Astrónomos de todo el mundo se están entrenando ante la posibilidad de que un asteroide gigante amenace a la Tierra

Escrito por el marzo 5, 2019

El 12 de octubre de 2017, un asteroide de 20 metros pasó a tan solo 50.000 kilómetros de la Tierra. Durante semanas, docenas de astrónomos de laboratorios de todo el mundo se movilizaron, midiendo y analizando todo lo que pudieron sobre el asteroide en preparación de un posible impacto. Este asteroide se descubrió cinco años antes, y los astrónomos sabían que en realidad no era una amenaza para la Tierra. Pero utilizaron el sobrevuelo como un ejercicio importante para probar la capacidad para coordinar rápidamente una campaña de observación mundial. Los científicos y los legisladores están cada vez más preocupados por la amenaza de los objetos cercanos a la Tierra, sobre todo gracias a los impactos de meteoritos de alto perfil y la comprensión de que no estamos preparados para una amenaza repentina de asteroides.

Pan-STARRS1, una serie de telescopios e instrumentos que examinan automáticamente el cielo en busca de objetos en movimiento, descubrió el pequeño asteroide, llamado 2012 TC4, el 4 de octubre de 2012 a una distancia de 15 veces el radio de la Tierra. La gravedad de la Tierra cambió su trayectoria de manera que podría haber pasado por nosotros en 2017 en cualquier lugar entre dos radios terrestres y 45 radios terrestres. Los modelos demostraron que no golpearía la Tierra, y su pequeño tamaño, de menos de 20 metros de diámetro, no representó una gran amenaza (es más pequeño que el meteorito que causó una bola de fuego en la ciudad rusa de Chelyabinsk en 2013). Aún así, la distancia cercana del asteroide lo convirtió en el tema perfecto del “juego de guerra” de Reddy, en el que los astrónomos fingían que realmente golpearía la Tierra.

El primer paso fue asumir que después de la detección inicial, los científicos no sabían si el asteroide impactaría la Tierra.

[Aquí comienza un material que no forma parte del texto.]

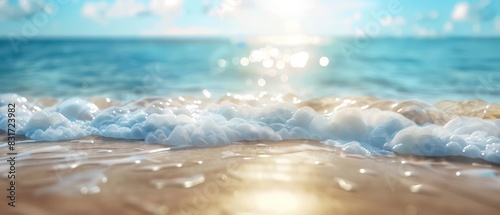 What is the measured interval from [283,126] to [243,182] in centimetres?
157

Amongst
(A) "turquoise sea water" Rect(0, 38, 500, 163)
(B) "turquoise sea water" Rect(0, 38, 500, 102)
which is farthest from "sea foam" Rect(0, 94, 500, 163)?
(B) "turquoise sea water" Rect(0, 38, 500, 102)

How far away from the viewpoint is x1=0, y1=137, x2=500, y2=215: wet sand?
2439 mm

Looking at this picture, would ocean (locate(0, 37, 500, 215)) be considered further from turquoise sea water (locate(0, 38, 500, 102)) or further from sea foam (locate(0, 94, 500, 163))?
turquoise sea water (locate(0, 38, 500, 102))

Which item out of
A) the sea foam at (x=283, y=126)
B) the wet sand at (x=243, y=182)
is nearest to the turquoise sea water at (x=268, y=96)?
the sea foam at (x=283, y=126)

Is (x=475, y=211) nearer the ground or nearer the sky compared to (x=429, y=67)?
nearer the ground

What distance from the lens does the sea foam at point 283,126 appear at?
3.75 m

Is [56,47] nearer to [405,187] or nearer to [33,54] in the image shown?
[33,54]

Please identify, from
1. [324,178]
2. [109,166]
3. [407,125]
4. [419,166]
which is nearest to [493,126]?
[407,125]

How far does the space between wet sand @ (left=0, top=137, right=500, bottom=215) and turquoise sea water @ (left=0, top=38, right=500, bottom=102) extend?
4331 millimetres

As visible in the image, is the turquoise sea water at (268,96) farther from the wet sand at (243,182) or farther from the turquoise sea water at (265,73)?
the wet sand at (243,182)

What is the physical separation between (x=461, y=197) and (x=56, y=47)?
2077cm

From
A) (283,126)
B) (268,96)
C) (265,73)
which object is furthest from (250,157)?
(265,73)

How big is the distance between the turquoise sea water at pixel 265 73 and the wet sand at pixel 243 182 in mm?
4331

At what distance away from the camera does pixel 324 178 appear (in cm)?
285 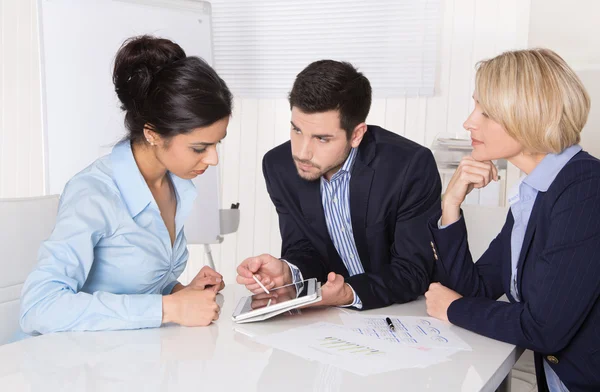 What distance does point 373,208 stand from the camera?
219cm

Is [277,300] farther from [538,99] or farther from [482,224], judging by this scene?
[482,224]

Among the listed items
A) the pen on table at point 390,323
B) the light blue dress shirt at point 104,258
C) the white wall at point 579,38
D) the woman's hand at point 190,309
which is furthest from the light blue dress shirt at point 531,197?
the white wall at point 579,38

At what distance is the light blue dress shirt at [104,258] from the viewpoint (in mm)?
1476

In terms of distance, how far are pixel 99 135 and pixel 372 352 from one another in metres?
2.25

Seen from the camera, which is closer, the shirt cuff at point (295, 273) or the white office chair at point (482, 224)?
the shirt cuff at point (295, 273)

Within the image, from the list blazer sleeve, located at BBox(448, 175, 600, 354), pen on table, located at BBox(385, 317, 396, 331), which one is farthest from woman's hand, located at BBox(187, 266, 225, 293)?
blazer sleeve, located at BBox(448, 175, 600, 354)

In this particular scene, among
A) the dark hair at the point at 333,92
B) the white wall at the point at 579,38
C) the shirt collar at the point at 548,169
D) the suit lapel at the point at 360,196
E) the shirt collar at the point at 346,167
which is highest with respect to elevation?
the white wall at the point at 579,38

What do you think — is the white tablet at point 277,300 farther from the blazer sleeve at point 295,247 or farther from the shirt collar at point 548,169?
the shirt collar at point 548,169

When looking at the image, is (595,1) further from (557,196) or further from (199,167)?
(199,167)

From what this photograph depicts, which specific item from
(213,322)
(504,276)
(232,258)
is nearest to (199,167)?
(213,322)

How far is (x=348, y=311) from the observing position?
67.6 inches

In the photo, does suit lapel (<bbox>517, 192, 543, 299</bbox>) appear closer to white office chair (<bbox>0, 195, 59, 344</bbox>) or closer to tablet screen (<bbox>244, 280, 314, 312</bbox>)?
tablet screen (<bbox>244, 280, 314, 312</bbox>)

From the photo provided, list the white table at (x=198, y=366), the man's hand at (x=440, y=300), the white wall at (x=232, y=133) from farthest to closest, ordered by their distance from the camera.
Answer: the white wall at (x=232, y=133) < the man's hand at (x=440, y=300) < the white table at (x=198, y=366)

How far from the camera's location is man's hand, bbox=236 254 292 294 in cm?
178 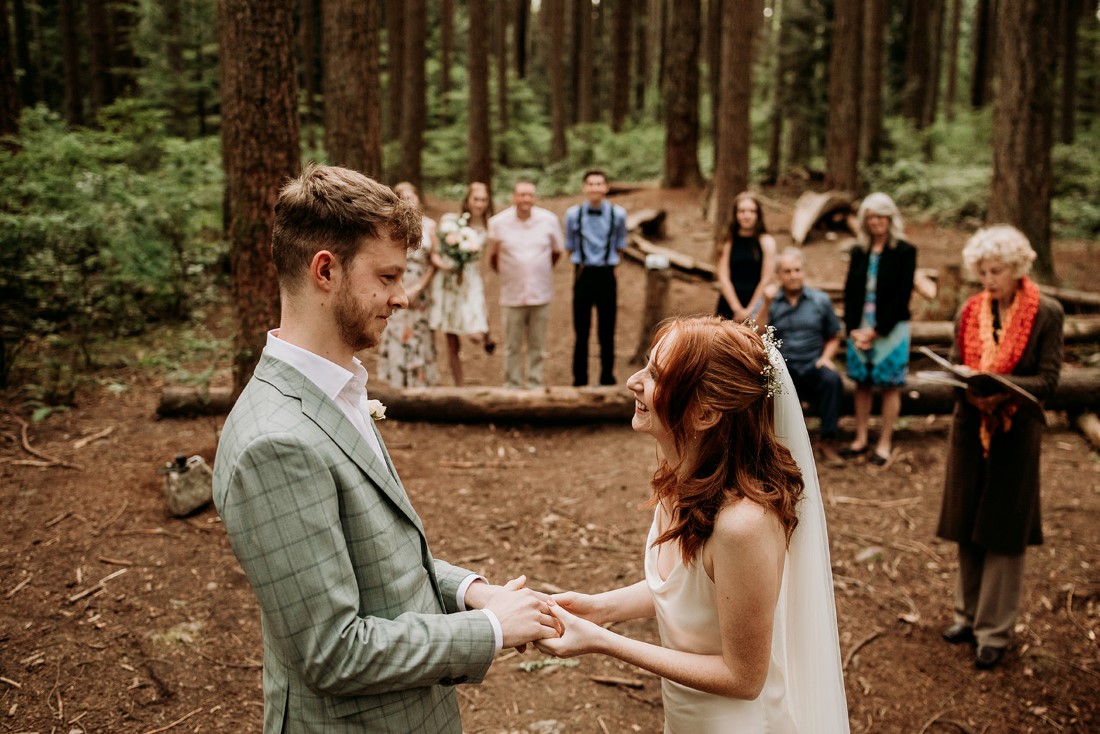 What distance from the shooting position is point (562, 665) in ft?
14.4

Hicieron búsquedas con el Very Large Telescope en Chile en el verano de 2017 y encontraron el TC4 2012, y cuando se descubrió, fue el objeto más cercano a la Tierra detectado, según el artículo publicado en la revista Icarus. “Si un impacto durante el acercamiento cercano de 2017 hubiera sido posible basado en los datos astrométricos de 2012, estas observaciones de recuperación hubieran sido suficientes para confirmar o descartar el impacto”, según el documento.

Luego, Pan-STARRS1 detectó automáticamente el asteroide el 25 de septiembre de 2017; si no se hubiera detectado en 2012, habría sido la primera vez que alguien hubiera visto el asteroide, marcando el inicio de la simulación. Las observaciones de seguimiento permitieron a los astrónomos determinar su período de rotación, su tamaño máximo y a qué clase de asteroides pertenecían. Si el asteroide hubiera sido una amenaza real, estos detalles permitirían a los investigadores modelar en qué lugar de la Tierra podría golpear la roca y cuánto daño causaría. También realizaron una evaluación de riesgos de actualización continua basada en el tamaño y la composición de la roca.

El ejercicio fue en gran parte un éxito, con algunas excepciones. “Hubo éxitos definitivos, pero hubo algunas cosas que salieron espectacularmente mal”, dijo a Gizmodo Alessondra “Sondy” Springmann, investigadora del programa de doctorado en el Laboratorio Lunar y Planetario de la Universidad de Arizona.

Springmann notó dos problemas principales: un apagón en una montaña a causa de un árbol caído impidió que la Instalación del Telescopio Infrarrojo de la NASA (IRTF de la NASA) en la Mauna Kea de Hawai observara el asteroide, y el daño causado por el huracán María impidió que el telescopio de Arecibo en Puerto Rico lo vigilara . Los sitios de respaldo pudieron monitorear el asteroide en su lugar.

Estos ejercicios son importantes. El congreso ordenó en 2005 que la NASA debería intentar rastrear el 90% de los objetos cercanos a la Tierra de más de 140 metros, un tamaño en el que un impacto podría ser catastrófico para un país o el mundo entero. Estamos solo a un tercio del camino, los informes de Quartz y los análisis independientes han demostrado que algunos trabajos de detección de asteroides sufren errores sistemáticos. Un informe del Consejo Nacional de Ciencia y Tecnología de Estados Unidos ha demostrado que el país definitivamente no está listo para este tipo de impactos.

Los científicos continuarán realizando pruebas como estas, mientras que otros están trabajando en formas de desviar los asteroides si realmente representan una amenaza para la Tierra. Por ejemplo, cómo aniquilarlos o golpearlos.